O sorriso dos malandros

10 de Julho de 2012

O sorriso dos malandros

Já não tem, claro, as mudanças de velocidade circenses do passado, quando até rodopiava ao meter a bola por cima do defesa e ir busca-la pelo outro lado, mas, por vezes, no fim de um rasgo de jogo bonito, ainda solta o mesmo sorriso malandro em dentes de coelho. A barriguita a mais, a idade, 32 anos, e os prazeres da vida, já retirou Ronaldinho do olimpo dos grandes craques atuais mas há coisas que não se perdem nunca. Rompeu com o Flamengo, rumou ao At. Mineiro, do Rio a Belo Horizonte, outra vida, outro futebol, mas em poucos jogos, o onze do galo com o dentuça a 10 nas costas do ponta-de-lança girafa Jô, está no topo do Brasileirão 2012.

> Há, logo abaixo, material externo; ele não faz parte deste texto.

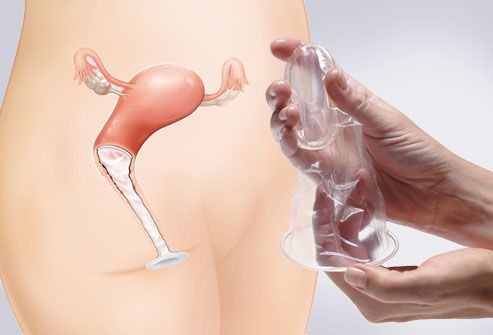 how to use women condom. Female Condom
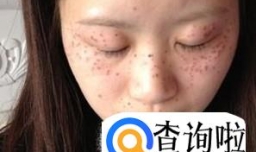 去除斑点对症下药才是上上之策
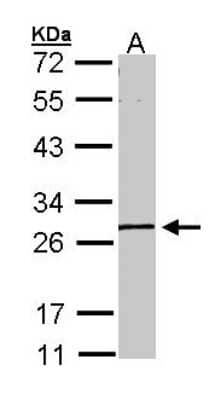 Western Blot: GK5 Antibody [NBP1-32863] - Sample (30 ug of whole cell lysate) A: A431 10% SDS PAGE; antibody diluted at 1:1000.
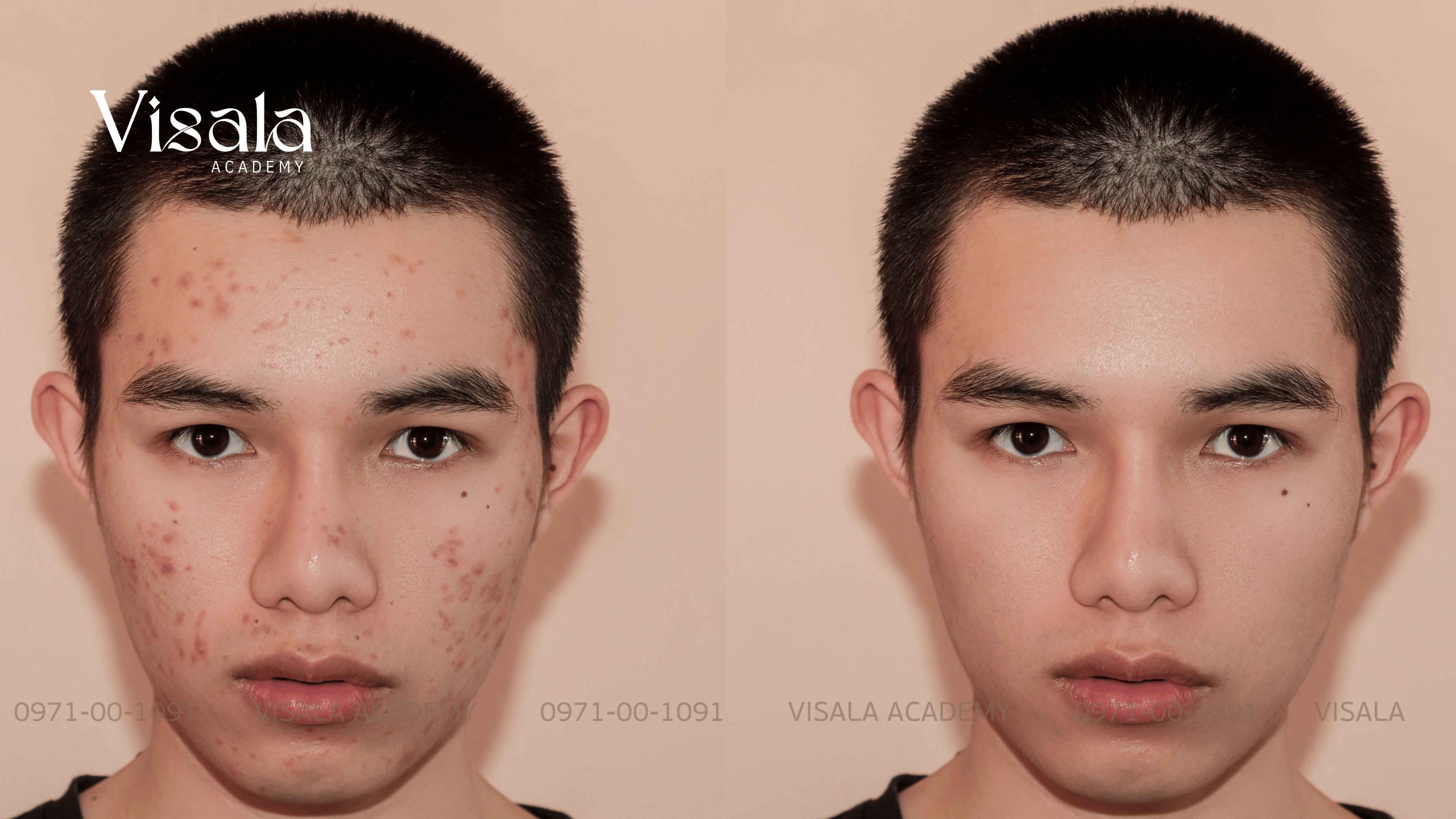 Liệu pháp tẩy da chết cơ học (microdermabrasion)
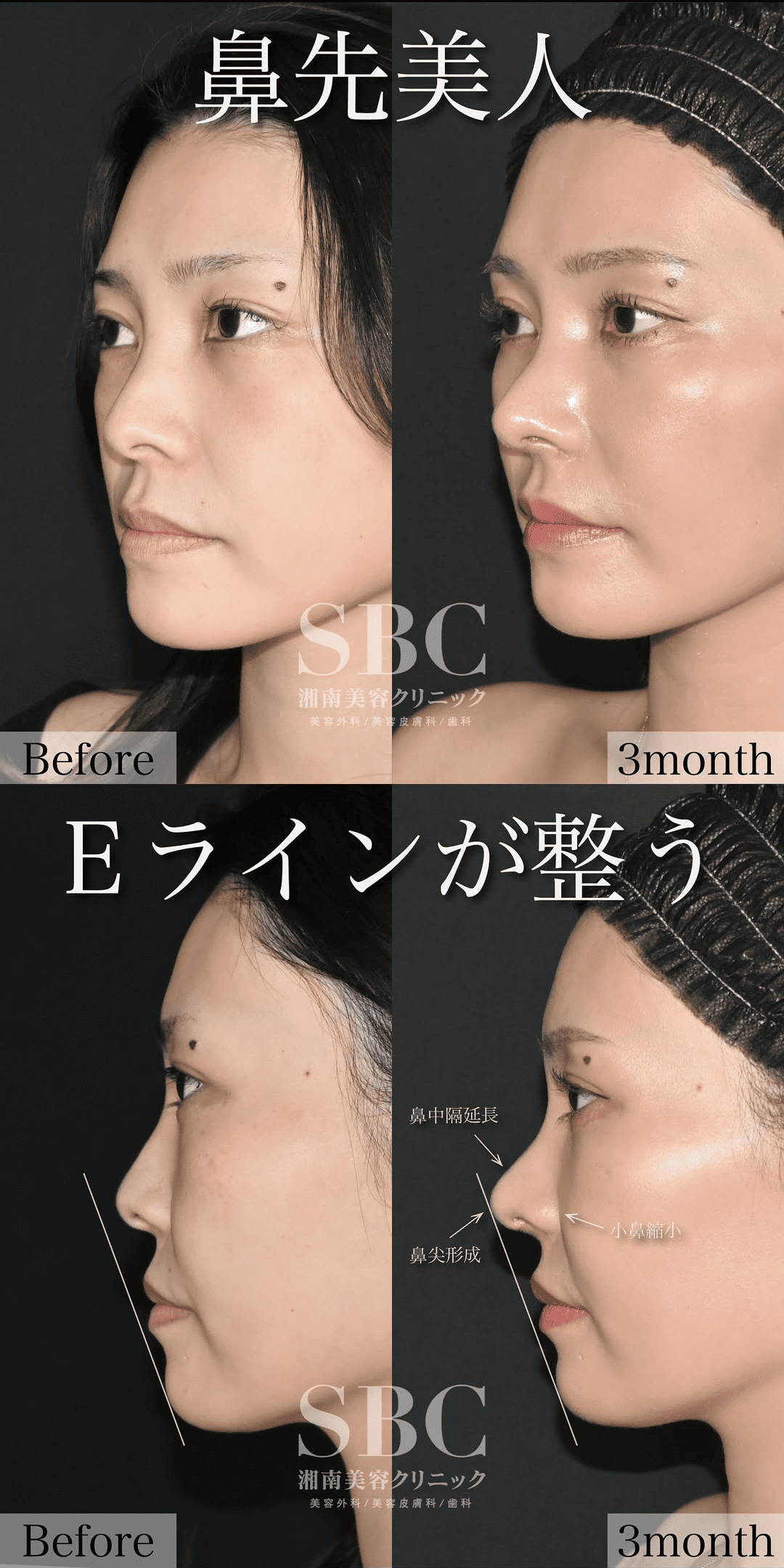 鼻フルセットに追加で他の鼻治療を加えられますか?
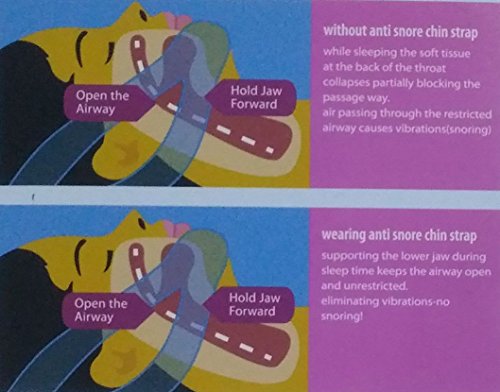 image for 1Olio Adjustable Anti snoring chin strap-Instant Snore Relief - Stop S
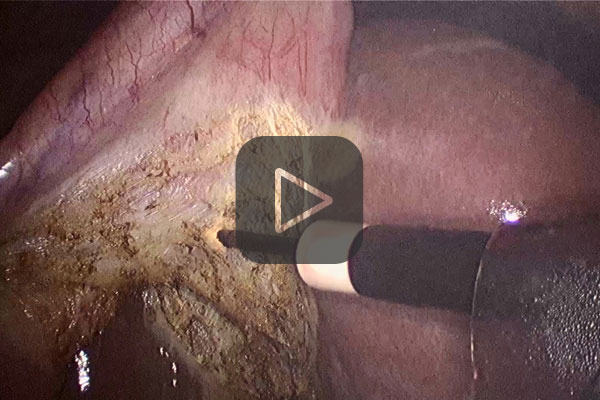 Laparoscopic cholecystectomy with APCapplicator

Não é fácil entender estes craques egocêntricos em fim de carreira muitas vezes em idade prematura. O Brasil tem, no entanto, especial vocação para lidar com eles. É o país onde, do Ronaldo fenómeno a Adriano, vejo jogadores às vezes com excesso de peso desmesurado serem tratados como os mais rigorosos profissionais de futuro. Ronaldinho joga quase a passo. Marca faltas, espera um livre direto ou espaço para um passe sem levar com um carrinho em cima (mas, mesmo neste caso, é engraçado ver a forma como no brasil os marcadores respeitam mais esse tipo de craque. Batem mais leve...).

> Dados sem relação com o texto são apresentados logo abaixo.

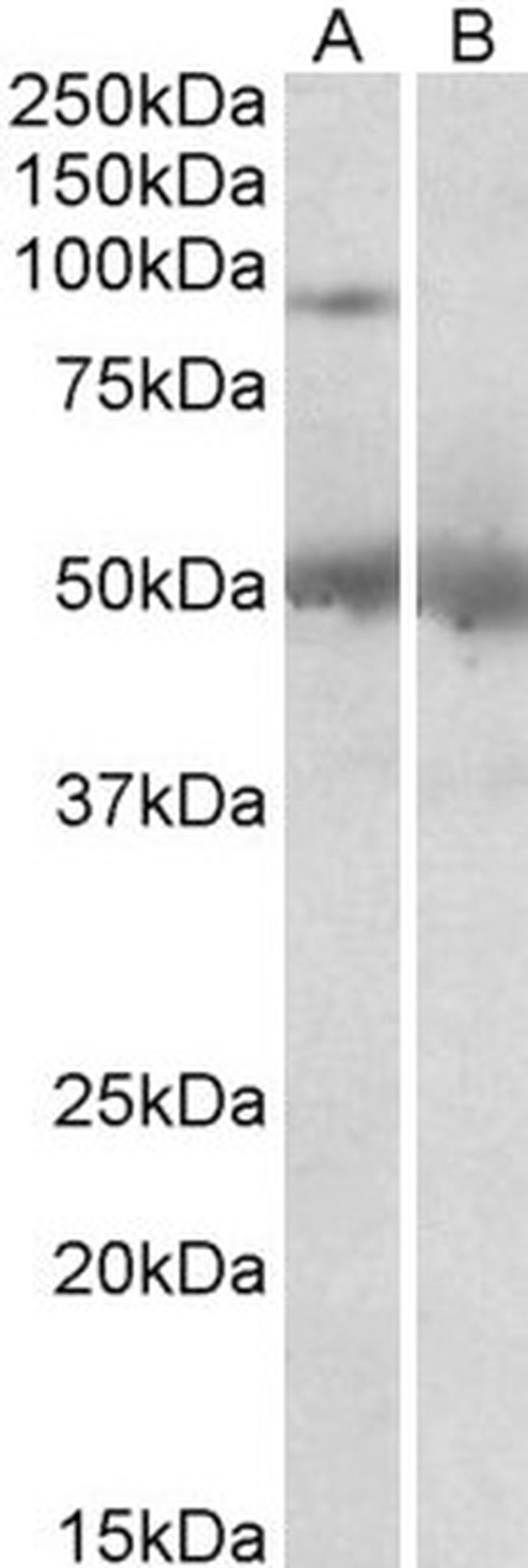 USP6 Antibody in Western Blot (WB)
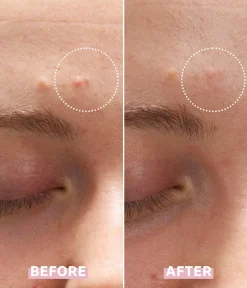 CAIA Cosmetics Oljig/ Kombinerad Hy|Punktbehandling<OH MY CICA SPOT GEL CREAM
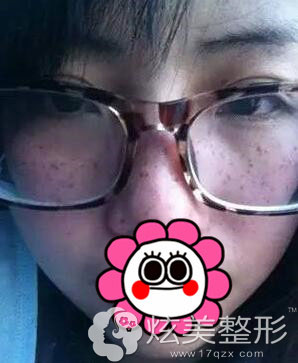 激光祛雀斑真人案例术前图石家庄美莱整形 激光祛雀斑真人案例术前图石家庄美莱整形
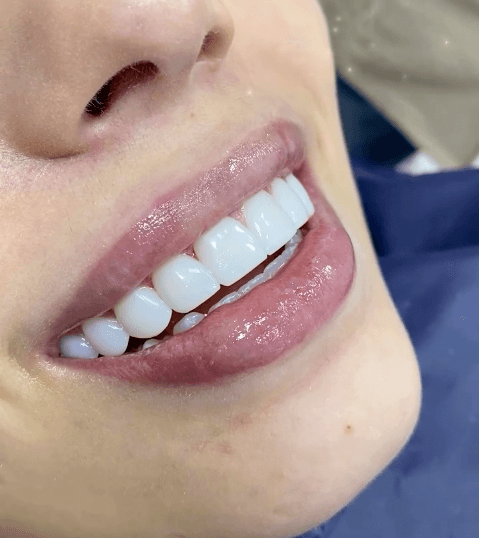 Natural smile transformation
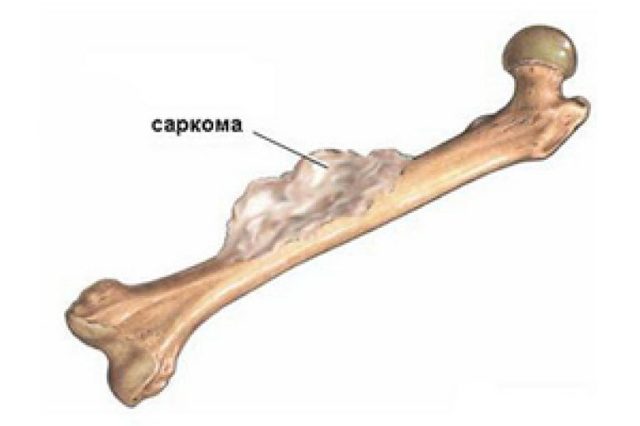 Боль на внутренней стороне бедра – причины и лечение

Duvido que o At. Mineiro se mantenha na luta pelo titulo até ao fim, mas tem no banco um dos melhores treinadores do futebol brasileiro a construir equipas: Cuca (antes já fiez belos times no Fluminense e Cruzeiro). O onze tem alas rápidos (Bernard quase voa, Danilinho faz bem a ala direita) volantes operários (Donizete cobre e Pierre encosta nos centrais) e pode lançar o revulsivo argentino Escudero desde o banco.

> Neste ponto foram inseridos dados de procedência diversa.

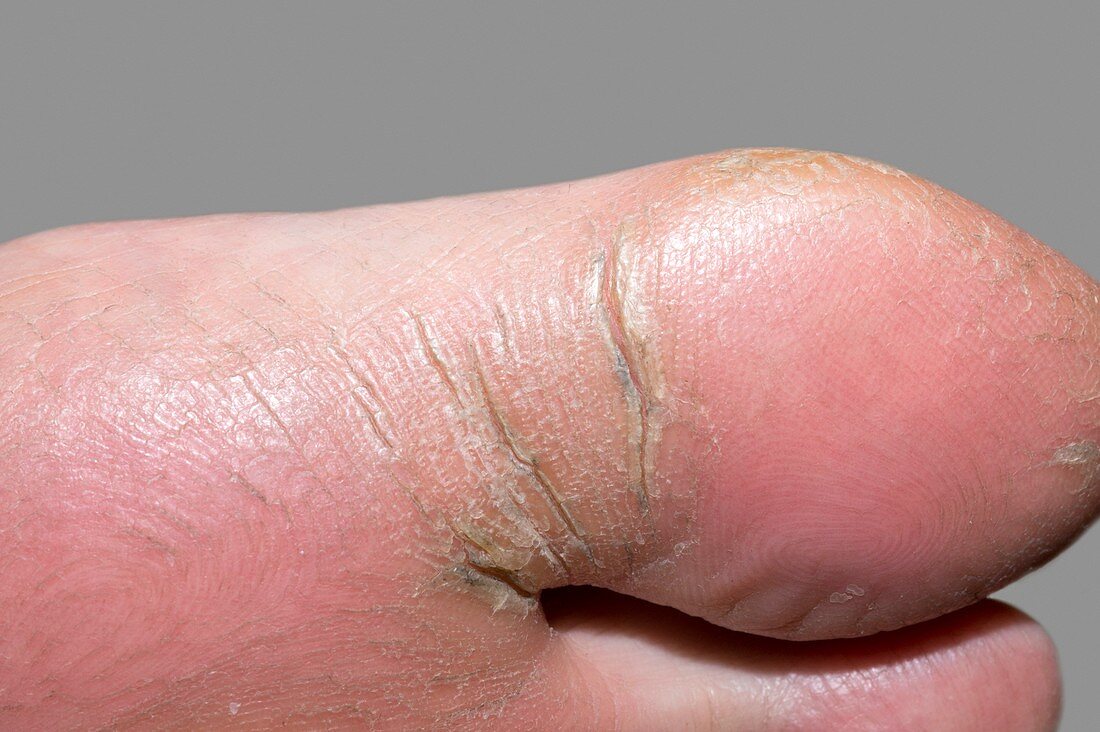 Eczema of the foot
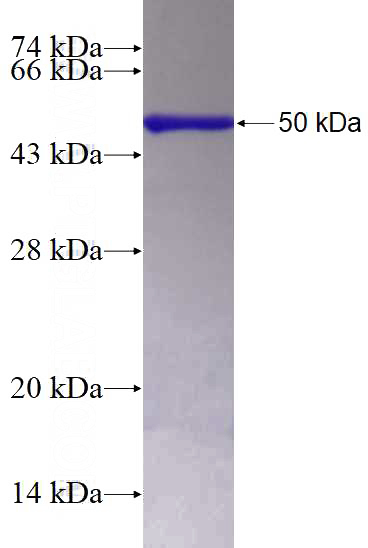 Recombinant Human IP6K2 SDS-PAGE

A noção táctica brasileira cresce a nível interno. Falta a dimensão internacional em confronto com a europa. Em 2011, o Santos de Muricy Ramalho despenhou-se num esquema de 3 centrais contra o Barcelona no Mundialito. Agora, surge o Corinthians de Tite, vencedor da Copa Libertadores frente ao Boca Juniores. É das equipas tacticamente mais rotinadas. Tite já a mete em campo quase em piloto automático.

É outro 4x2x3x1 mas desta vez quem manda na equipa é um volante que se solta: Paulinho. Ao lado de Ralf, mais fixo, pega no jogo, ou cresce fisicamente para ele, dá ordens , corta e joga. Alex é o criativo nas costas de Liedson, deixando Danilo como vagabundo catedrático, enquanto Jorge Henrique continua a tentar acelerar pela direita. Mas quem eu acho que joga muito nesta equipa é outro veterano: Emerson.

Parte desde a esquerda, mas gosta de flectir no terreno, não em diagonais mas para surgir no centro a tabelar, passar ou romper. É um velho malandro com astúcia táctica. Passa e cai. Levanta-se e desmarca-se. E faz golos. Inteligência de rua com 33 anos.O sorriso dos malandros

At. Mineiro e Corinthians, de Ronaldinho a Emerson, no Brasil, por entre a velocidade nas alas e o pica-pedra dos volantes, mandam os velhos caminhantes dos gramados.

Brasil sem “rotatividade”

O Corinthians venceu a Libertadores mas à 8ªjornada está no penúltimo lugar (19º) do Brasileirão. É um bom exemplo para perceber como os treinadores brasileiros têm dificuldade em fazer a rotatividade tão debatida na Europa. A época passada sucedeu o mesmo com o Santos, prolongando-se até ao Mundialito em Dezembro, acabando a lutar por não descer. É intrigante como no Brasil o conceito de rotatividade praticamente não existe. Define-se a prioridade internacional e no campeonato joga quase outra equipa inteira de reservas. O onze torna-se uma sombra errante, cava um fosso pontual enorme para o topo da tabela e compromete toda a época logo no inicio.

Mais do que uma opção, será um caso de incapacidade do treinador brasileiro para entender a realidade competitiva de jogar a top duas grandes competições. Na Europa, tal seria impensável numa grande equipa.

É um debate longo mas antes do conceito do jogo/equipa, o que entra aqui é o problema do treino/metodologia/microciclos. E, de Muricy Ramalho a Tite, falamos de dois técnicos de referencia do atual futebol brasileiro. Para eles, rotatividade é palavra enigmática.